Same hardware every time.
Independence requires consistency. Every test runs on the same physical setup so month-over-month deltas mean something.
Two identical desktops — Intel Core i7-14700, 32GB DDR5, Samsung 990 Pro NVMe — running Windows 11 24H2 and Ubuntu 24.04 LTS in parallel. Provider apps installed from the official channel for each platform.
1 Gbps symmetric fibre to the residence, verified weekly against the unencrypted baseline. Tests pause if the baseline drifts more than 3% from rolling weekly median.
Five edge regions: Frankfurt, New York, Singapore, London, Sydney. Speed downloads are uncompressible random bytes served from our own endpoint to defeat traffic shaping.
Real subscriptions on rotating accounts, refreshed weekly. Each platform tested against four catalogue items chosen for regional sensitivity. No mocked endpoints.
DNS, WebRTC, IPv6, and kill-switch failure under simulated drop. Same protocol matrix as speed tests. Captured packet-level, not just from in-app indicators.
Every test result is timestamped, hashed, and stored unedited. The raw CSV is what powers the rankings — there is no manual override layer.
If a provider believes a score is wrong, they are welcome to reproduce the test using the published rig spec and protocol matrix.

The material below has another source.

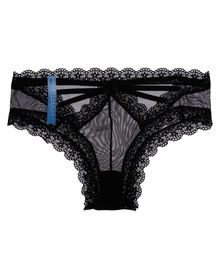 Трусики Cottonhill xarid qilish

When their measurements differ substantially from ours, we re-run the test and publish both results, dated. We do not quietly revise scores in response to commercial feedback.
We disclose everything. Including what we get wrong.
Rankings change because the data changes. When we revise a score, the change log is public. When a test methodology shifts, every existing review is re-scored, not grandfathered.